ImpactAlpha, Sept. 30 – At this point, solar power, electric vehicles and optimization software are the low-hanging fruits. More difficult: funding sustainable infrastructure and climate adaptation and resilience in emerging markets. A half-dozen new financing mechanisms selected for the Global Innovation Lab for Climate Finance’s latest cohort use offtake agreements, artificial intelligence, blended capital and other mechanisms to derisk opportunities and attract private capital to sustainable projects in Africa and Brazil.
“We need investors to embrace these ambitious climate impact opportunities and bring them to market,” said Barbara Buchner, Global Managing Director of Climate Policy Initiative, which runs the lab.
At least some institutional investors appear to be ready.
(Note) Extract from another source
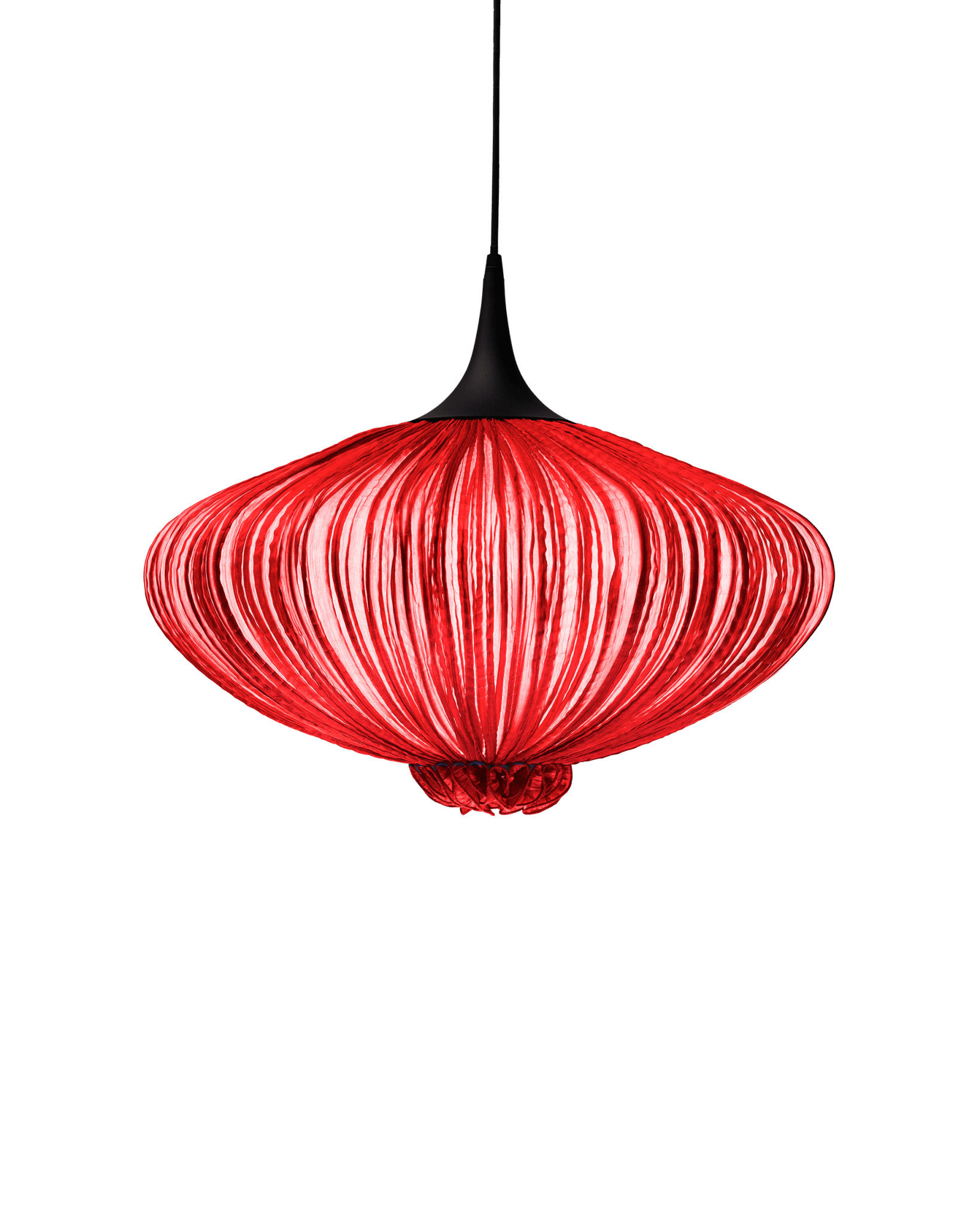 Suuria Pendant Light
Climate solutions are “going to be an alpha generator for the next 30 or 40 years,” Christopher Ailman of the $318 billion California State Teachers’ Retirement System, or CalSTRS, said at a CNBC conference.
Brazilian cosmetics giant Natura and Mauá Capital are filling a financing gap for producers of forest-compatible products in the Amazon. Their Amazonia Sustainable Supply Chains Mechanism leverages receivables payments, offtake agreements and support for sustainable forest producers and their communities. An initial pilot will stand up a $50 million fund to finance up to 34 cooperatives and preserve 3 million hectares of Amazon forest by 2030.
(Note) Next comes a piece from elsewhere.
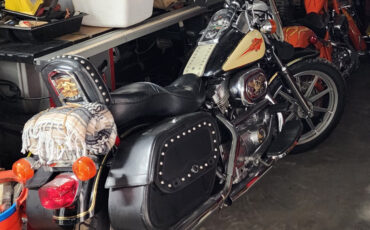 Harley-Davidson-Sportster-1994-4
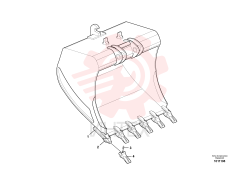 Адаптер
In Africa, One Acre Fund is developing a Smallholder Resilience Fund to support farmers producing high-value, climate-resilient crops. It will provide equity, working capital and debt funding for small and midsized supermarkets, exporters, processing companies and input providers who supply and buy from smallholder farmers, while a venture studio will incubate such businesses to fill gaps. It’s first pilot will support Rwanda’s avocado value chain.
Other cohort members include The ACT Fund, which aims to facilitate large-scale sustainable infrastructure investment in West Africa, the Guarantee Fund for Biogas, which supports smaller biogas project developers with short-term collateral to unlock loans, Data-Driven Energy Access for Africa, which uses artificial intelligence to assess customer repayment risk, and the Peace Renewable Energy Credit Aggregation Fund, which creates new revenue streams for renewable energy projects in fragile states.
The lab has launched 55 financial instruments that have collectively mobilized over $2.5 billion for emerging markets since it launched in 2014.
It’s the climate, mate
Sydney-based early stage investor Investible is launching a $100 million climate tech fund. The fund will back seed rounds of Australian and other companies developing climate solutions in energy, transport, industry, buildings and cities, food and agriculture, and forests and land use. Investible is also creating a climate tech startup hub called Greenhouse with the city of Sydney.
In other fund news, Chicago-based Energize Ventures raised $330 million for its second energy transition fund to invest in digital tech companies in renewable energy, mobility, cybersecurity, battery storage, critical infrastructure and climate resiliency. Investors include Invenergy, CDPQ, SE Ventures, GE Renewable Energy and Hannon Armstrong as well as energy companies Xcel Energy, American Electric Power and Equinor Ventures.
Clean Energy Systems secures $15 million in a Series A investment round led by Carbon Direct Capital to develop a carbon negative waste-to-power plant in California. And Generation Investment Management is buying a $600 million stake in U.K.-based renewable energy supplier Octopus Energy Group.